Le micro de l’eurodéputée allemande est quelques secondes après coupé, l’empêchant de poursuivre. Il n’en faut pas plus pour convaincre certains internautes qu’il s’agit de censure. « Ursula von der Leyen se fait atomiser par l’eurodéputée Christine Anderson au Parlement européen !! Et le visage d’Ursula se liquéfia. Le micro de l’eurodéputée allemande Christine Anderson est coupé pour avoir dénoncé la corruption d’Ursula von der Leyen, juste en face de cette dernière », peut-on par exemple lire sur Instagram.

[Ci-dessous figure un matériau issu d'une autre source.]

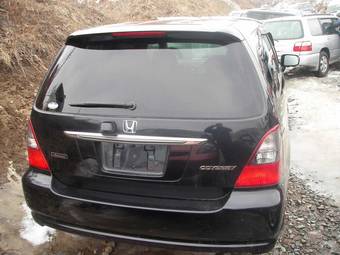 2001 Honda Odyssey Pictures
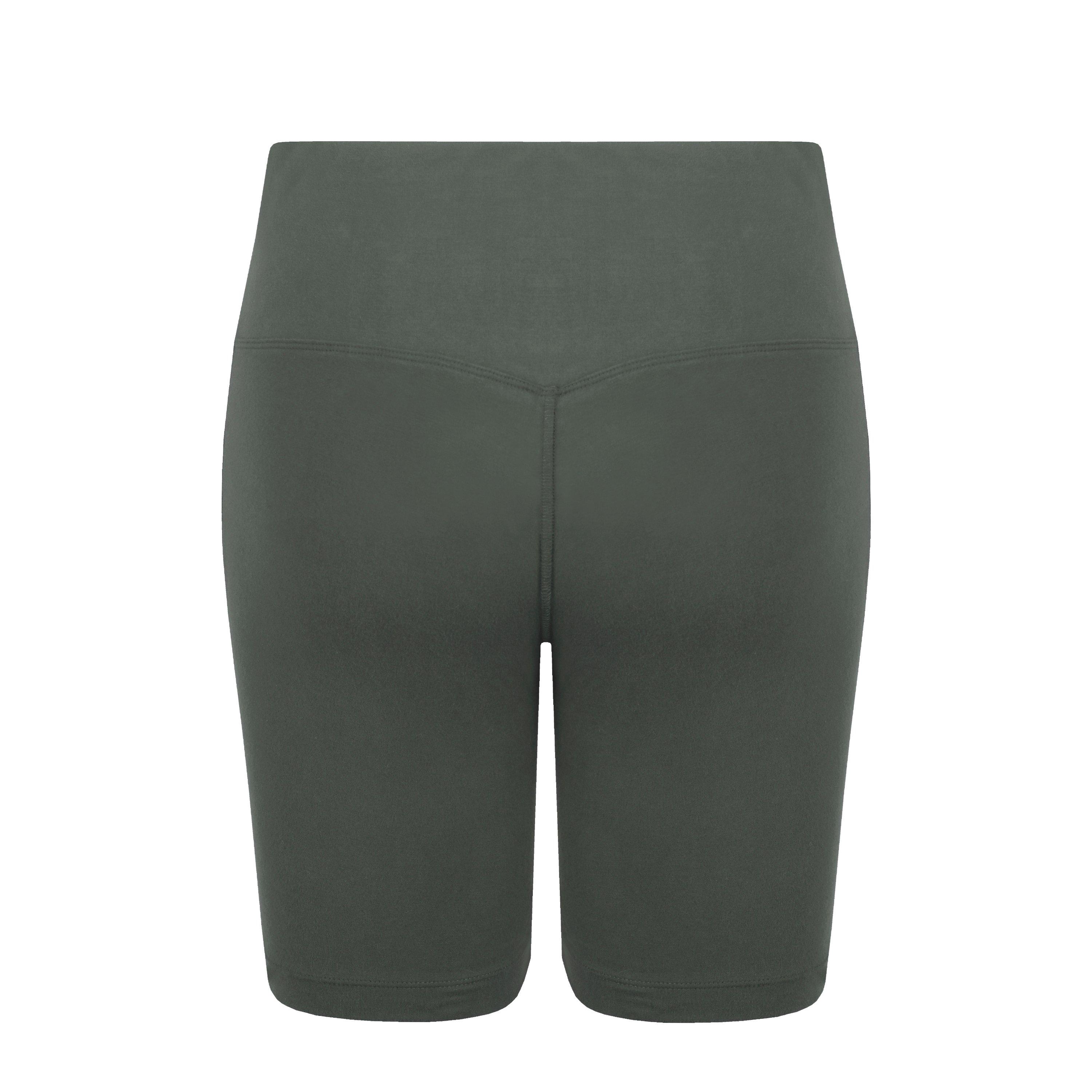 Miso High Waisted Cycling Shorts Ladies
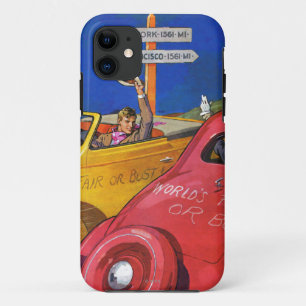 Wereldbeurs of Wereldbank Case-Mate iPhone Case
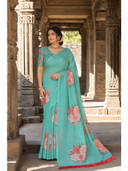 Blue color option, Currently selected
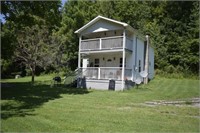 Country House & 4 Acres w/ Spring - Only, TN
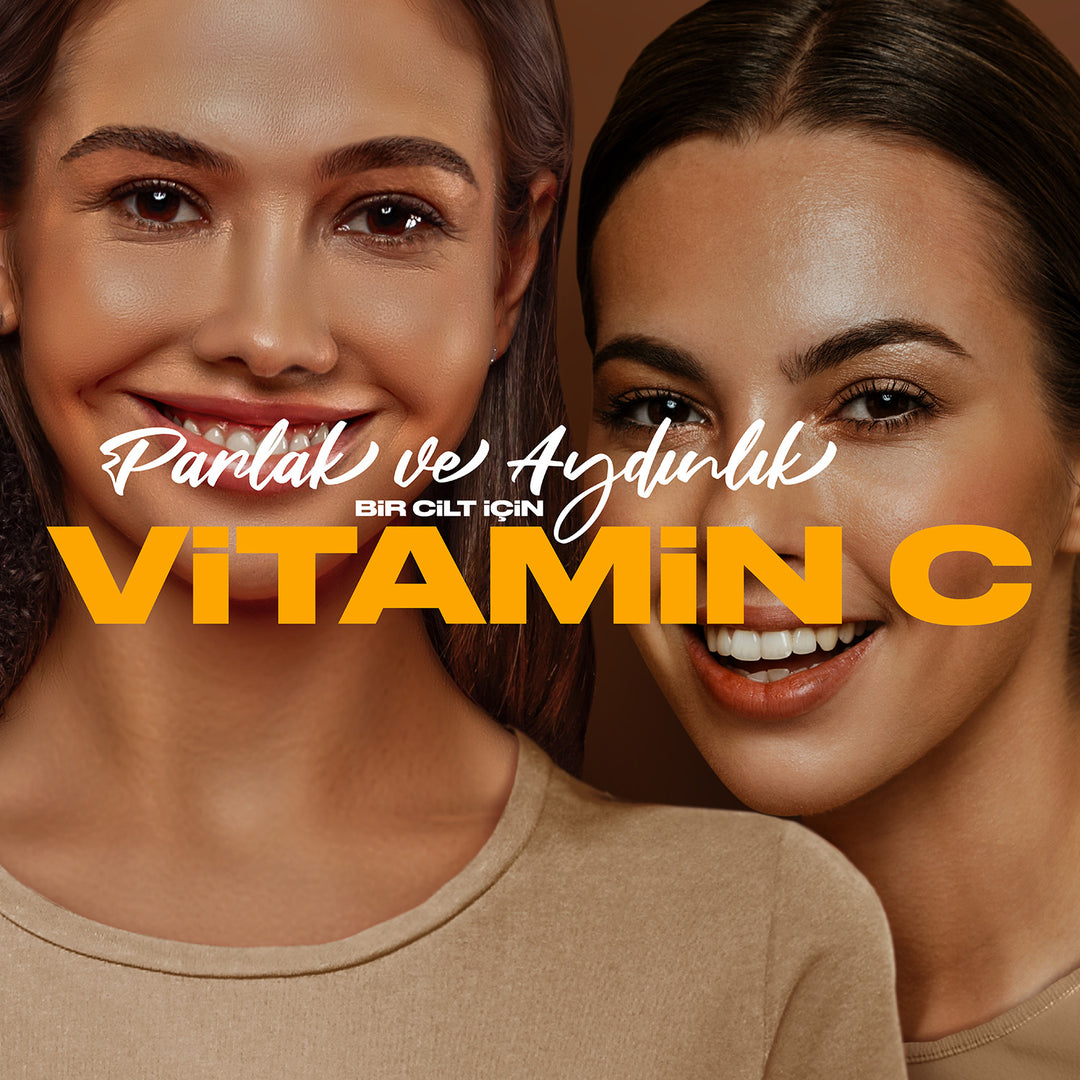 Parlaklık Veren Vitamin C Portakal Özlü Yüz Temizleyici 100ml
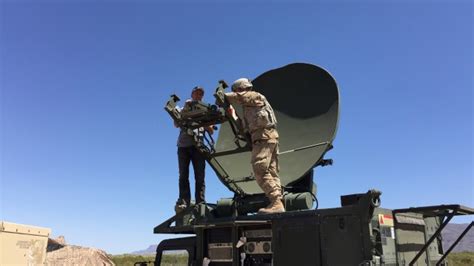 Army Field Experiments To Incorporate Commercial Satellite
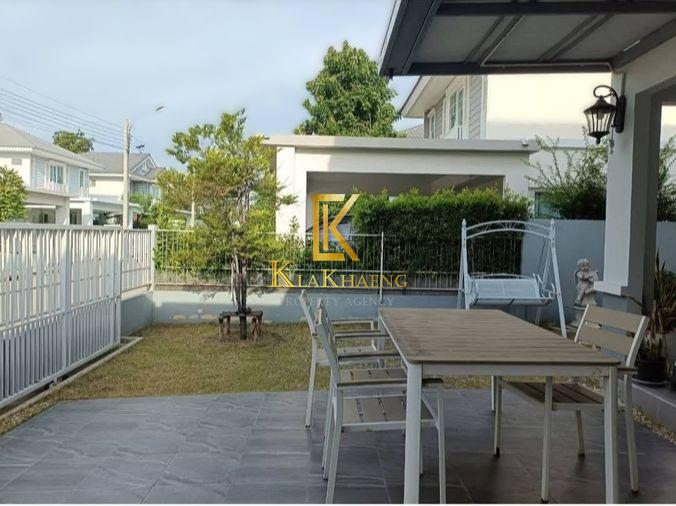 รูป ขาย บ้านเดี่ยวโครงการ วิลลาจจิโอ2 ศรีนครินทร์ บางนา GH620 - รูปที่ 2/15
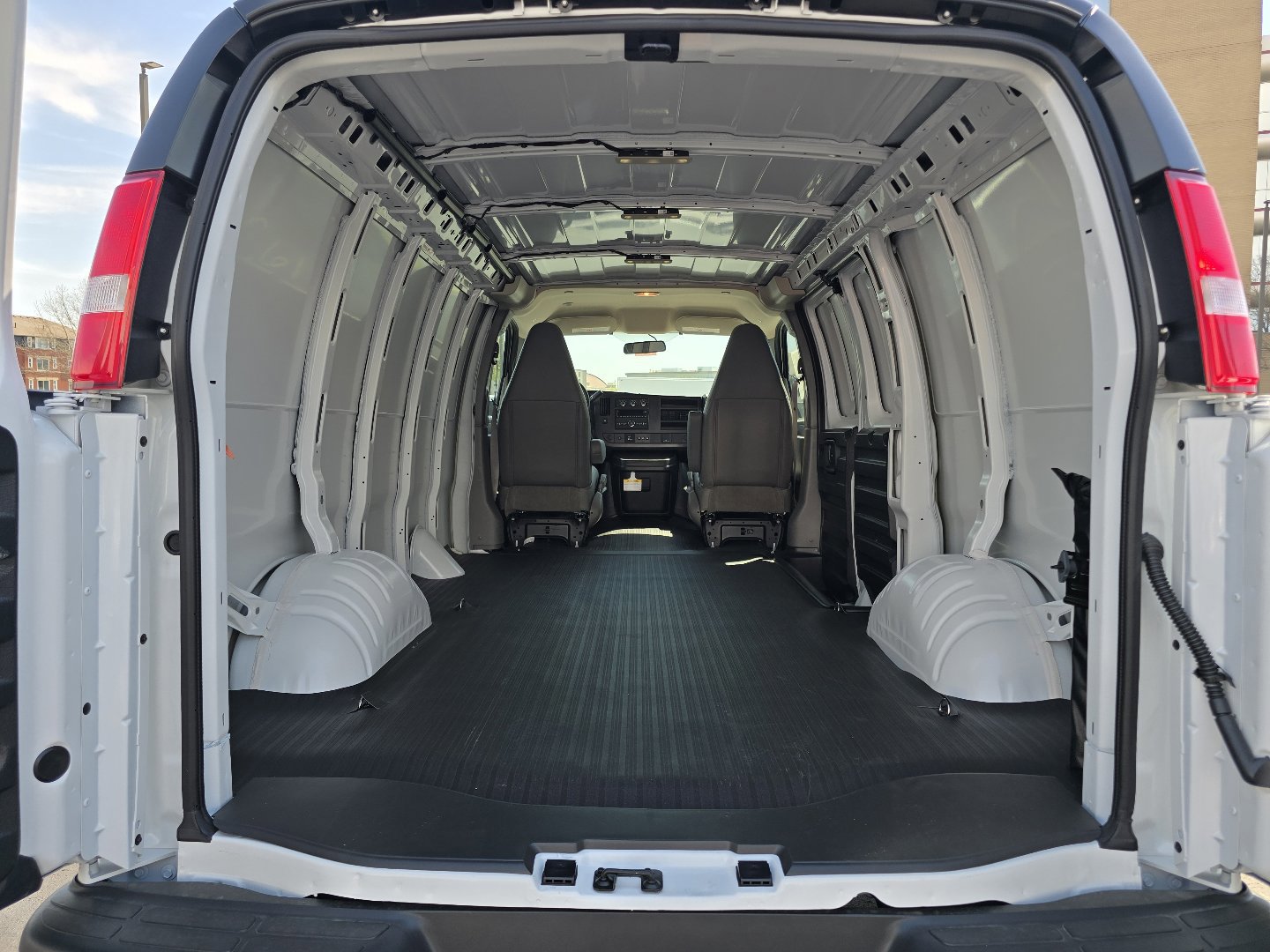 New 2026 Chevrolet Express 2500 w/ Driver Convenience Package RWD image 12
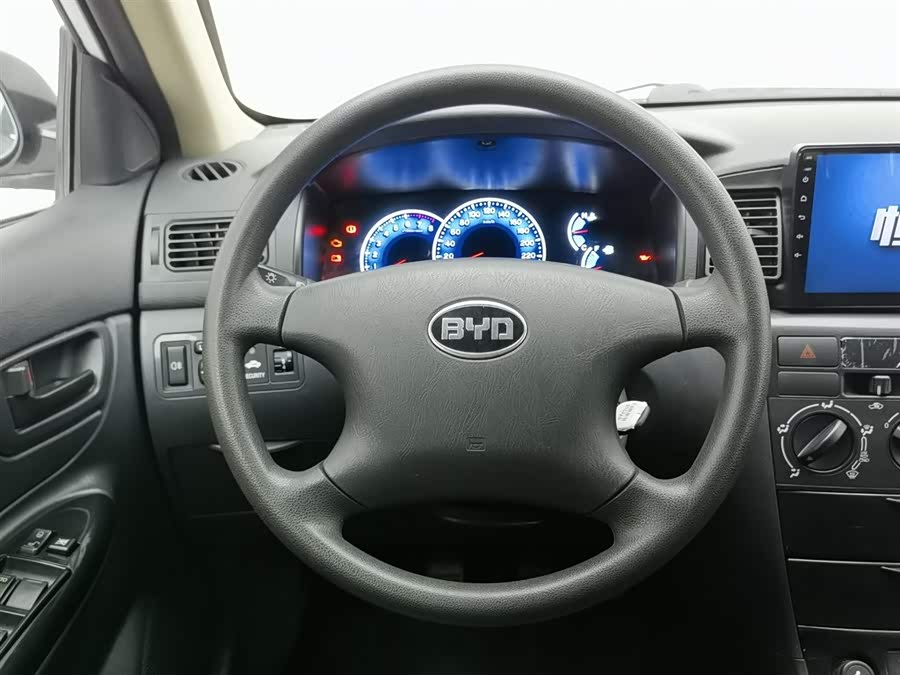 BYD F3 2019 #12 BYD F3 2019 imagem de carro #12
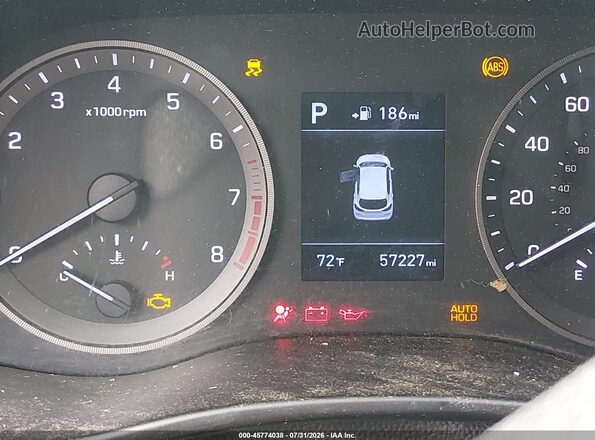 KM8J2CA49LU142650 2020 HYUNDAI TUCSON Black 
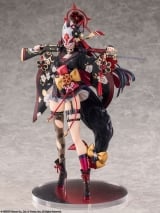 Оригинальная аниме фигурка &laquo;Blue Archive Wakamo 1/7 Complete Figure&raquo;
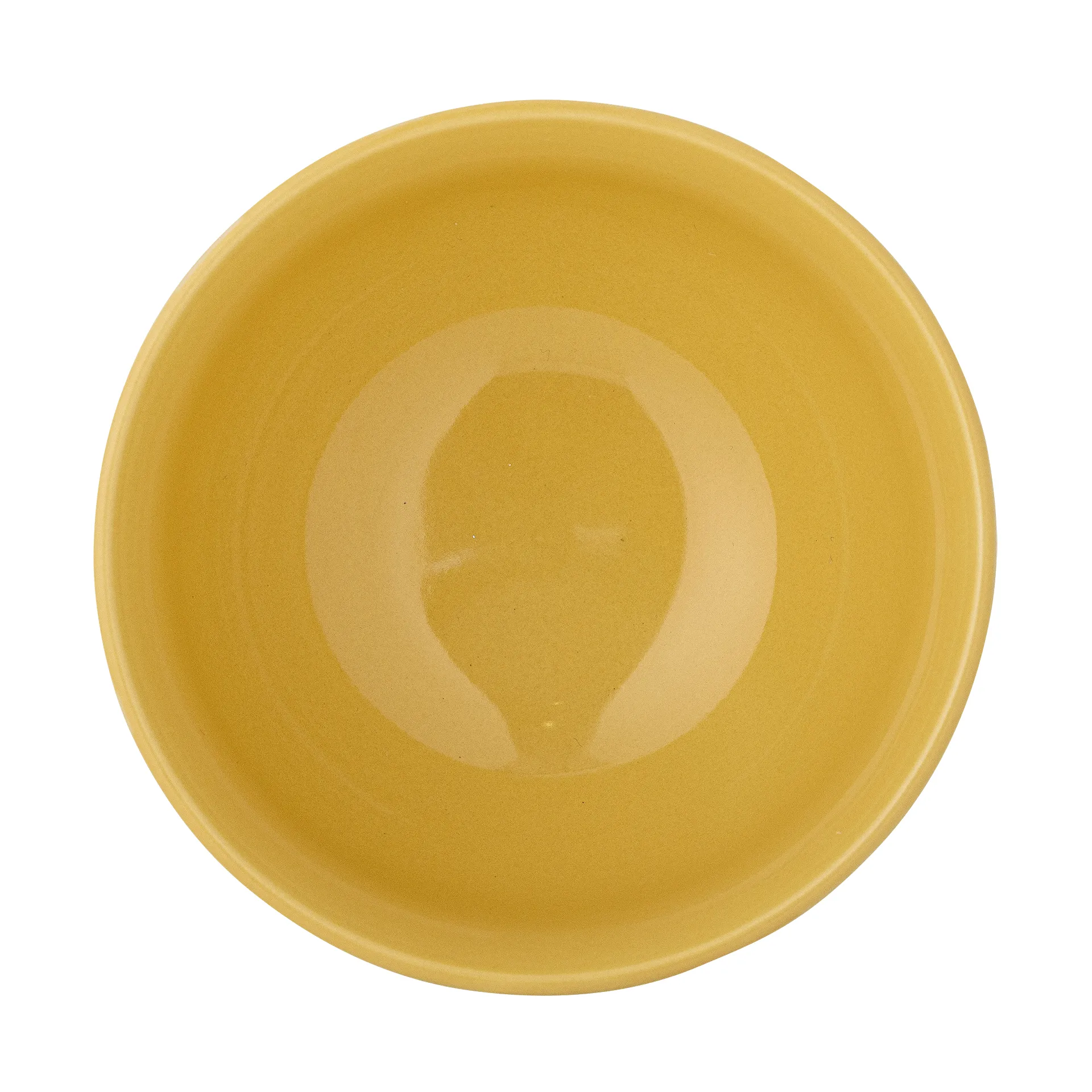 Cuenco Celebrate Ø13,5 cm, Amarillo Bloomingville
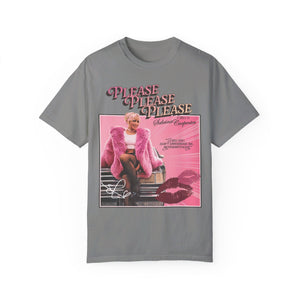 Pink Please Please Please Tee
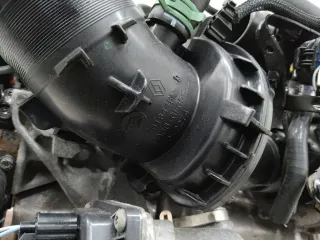 165761844R Патрубок интеркулера Renault Trafic 3 Арт 88280, вид 2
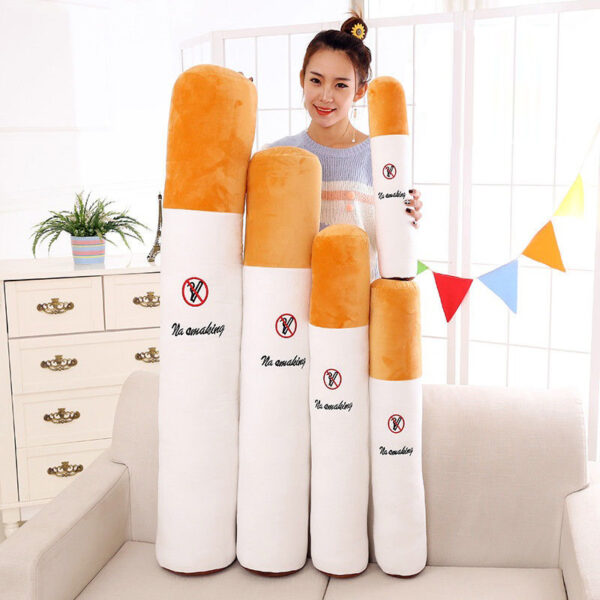 Cigarette Plush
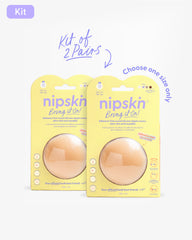 Kit x2 Reusable Non-Adhesive Nipple Covers, Bring It On | Nipskin®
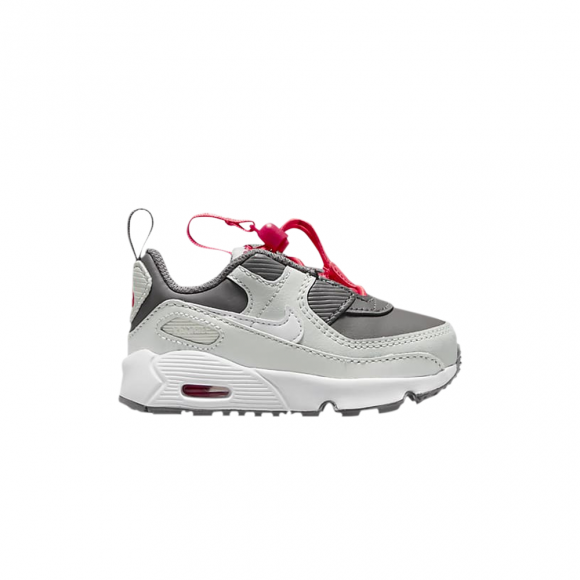 Air Max 90 Toggle TD 'Flat Pewter Siren Red' - CV0065-003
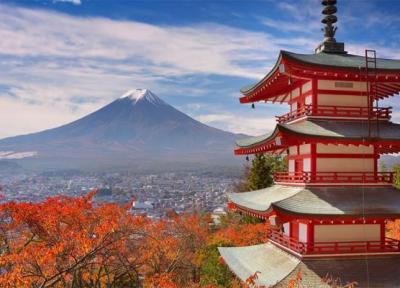 سفر تصویری به ژاپن؛ سرزمین خورشید تابان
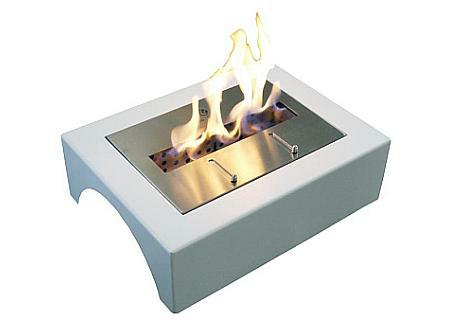 FUEGO Tischkamin / Kamineinsatz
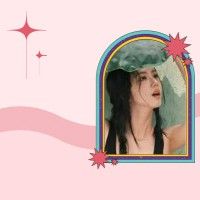 Potret di balik layar Jisoo (BLACKPINK)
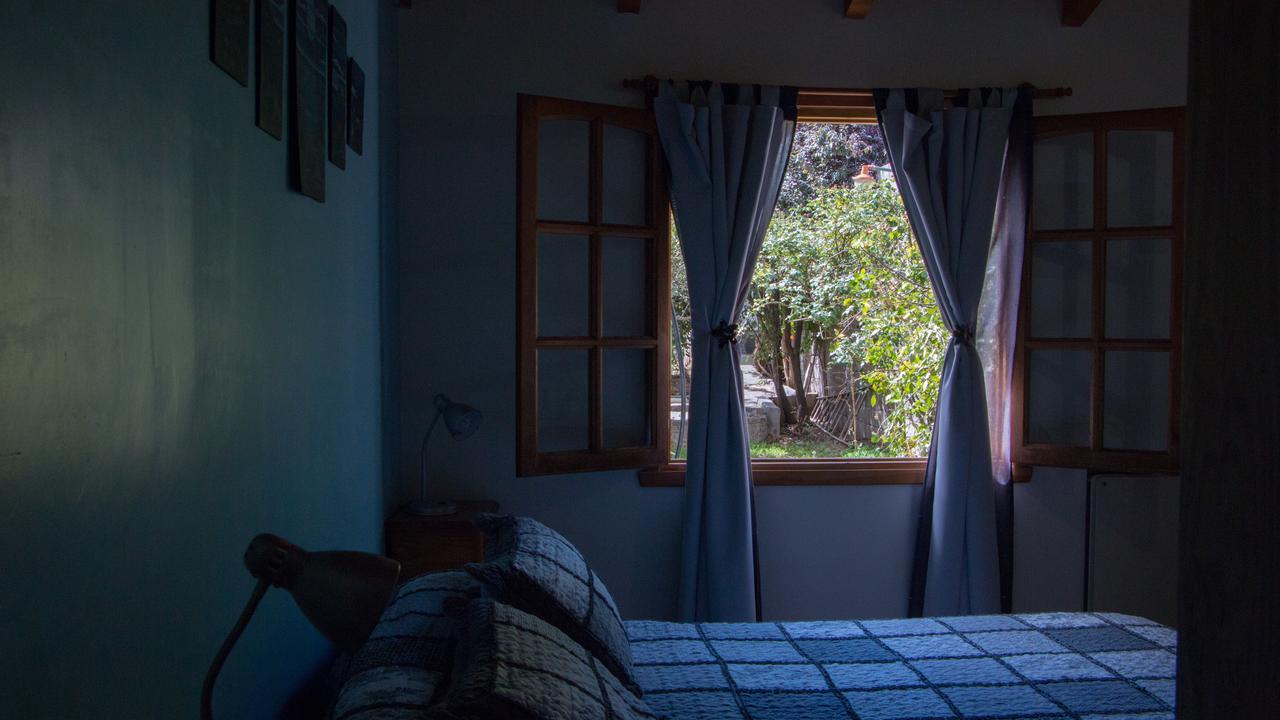 Hosteria Plas Y Coed Gwesty Gaiman Eksteriør bilde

Pourtant, le micro de l’eurodéputée n’a été coupé que parce qu’elle avait dépassé son temps de parole, conformément au règlement du Parlement européen.
Un temps de parole limité à une minute
Tout d’abord, la vidéo n’est pas aussi récente que certains internautes le laissent croire. L’extrait ne provient pas de la session plénière du Parlement à Strasbourg du 23 janvier 2025 mais bien de celle du 18 juillet 2024, date de la réélection de Ursula von der Leyen. Le procès-verbal de cette séance mentionne bien Christine Anderson comme intervenante.
Ensuite, quelques rappels au règlement s’imposent. Selon l’article 171 du règlement intérieur du Parlement européen, le temps de parole des eurodéputés est généralement limité à une minute. Cette règle semble bien s’appliquer ici, puisque les eurodéputés intervenant avant et après elle ont également été limités à une minute.
En visionnant le passage de l’eurodéputée de l’AfD, il est apparent que cette dernière est avertie par la présidente du Parlement européen, Roberta Metsola, que son temps de parole touche à sa fin : « Thank you very much Mrs. Anderson your time is up [« Merci beaucoup Madame Anderson, votre temps est écoulé » en anglais ndlr] ». L’élue allemande a alors dépassé son temps de parole de quinze secondes.
Malgré cet avertissement, l’eurodéputée d’extrême droite continue sans sourciller, et après un cinquième rappel à l’ordre, voit son micro coupé, vingt secondes plus tard. Elle aura donc pu s’exprimer plus d’une minute trente avant que la présidente du Parlement ne ferme son micro.
Au regard de ces éléments, difficile d’estimer que l’eurodéputée Christine Anderson aurait été censurée. Elle a largement dépassé sa minute de temps de parole autorisée.
Ce rappel au règlement est tout à fait commun. Un exemple, parmi de nombreux autres, quelques minutes après l’intervention de Christine Anderson, c’est au tour de l’eurodéputé français, Raphaël Glucksmann, d’être interpellé par la présidente du Parlement pour qu’il se dépêche de terminer son intervention, sa minute autorisée étant en train de s’écouler. L’élu va alors terminer sa prise de parole, et ne verra pas son micro coupé. Il se sera exprimé près d’une minute et cinq secondes, soit moins que l’eurodéputée de l’AfD.